Is this normal and/or expected behaviour?

Or is this because the location where the snapshots live is the same location as the pool where the snapshots are being taken, and therefore; even as it deletes/purges the older snapshots, the newer snapshots still sees it as data that has changed, therefore; leading to an infinite growth in the referenced space?

Your help in trying to make sense of what I am seeing is greatly appreciated.

LTS_Tom · October 9, 2024, 12:50pm

Because Windows is usually writing data and using more space, it will grow.

alpha754293 · October 10, 2024, 2:43am

Gotcha.

Two things:

I can undestand it from the data delta perspective, that the snapshot will record what has changed, but the overall size remains relatively constant as I only gave the Win11 VM a 100 GB VM disk to work with, of which, 65.1 GB is still being reported as free space via Windows Explorer.

So in terms of total space used, it’s hovering around the 35 GB mark.

I watched the Matt Ahrens video via the link that you provided above, and in it, he talks about how if a data block (in a snapshot) isn’t referenced by something else, that it should be able to free up space.

So whilst I am seeing that the total space (in the pool, since I only have the one VM running on it and no other data), doesn’t really change (with 4x Samsung 850 EV0 1 TB SATA 6 Gbps SSDs in a raidz pool), it stays pretty constant at about 25.9% total space utilisation (which also includes a 256 GiB zvol that I am currently not using for anything yet).

But the referenced size appears to grow seemingly infinitely.

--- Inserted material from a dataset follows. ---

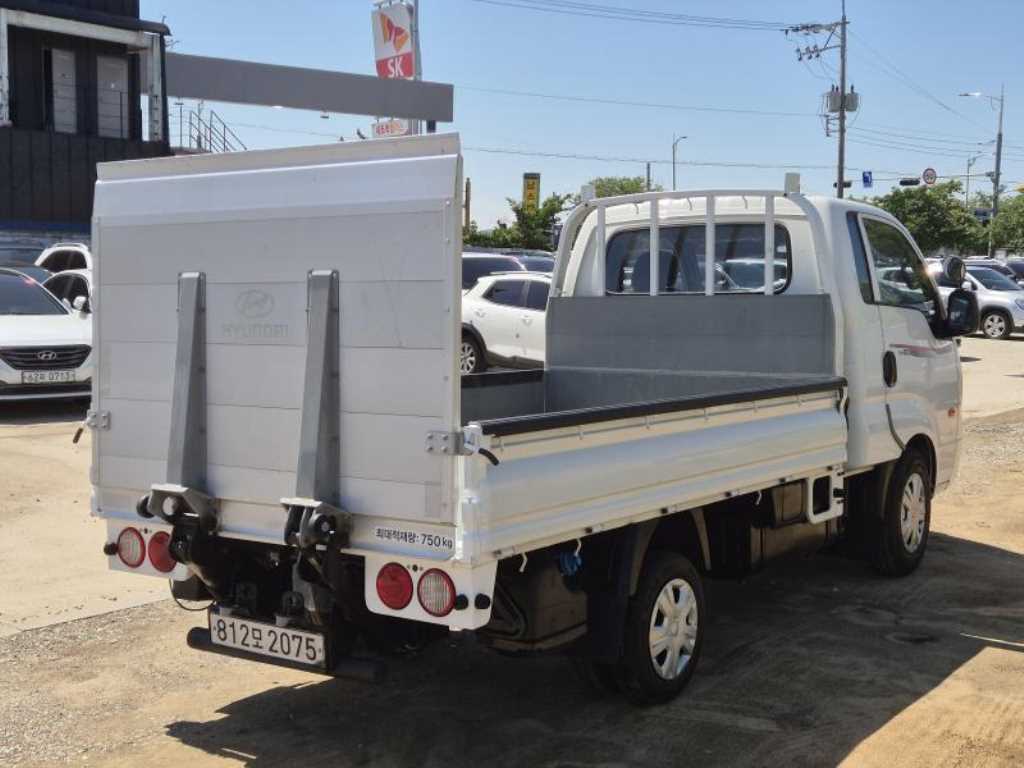 Small Truck Top_Powergate 2022 Blanco - Importación desde Corea - HF Imports Iquique - Foto 1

I can’t imagine that being particularly good, in the long run.

Is the referenced size really supposed to grow like that?

LTS_Tom · October 10, 2024, 1:12pm

We have lots of production TrueNAS systems not only in our office but ones we maintain for clients and I have never really spent that much time thinking about the small changes and have a system run out of space with a mostly constant grow rate from logs.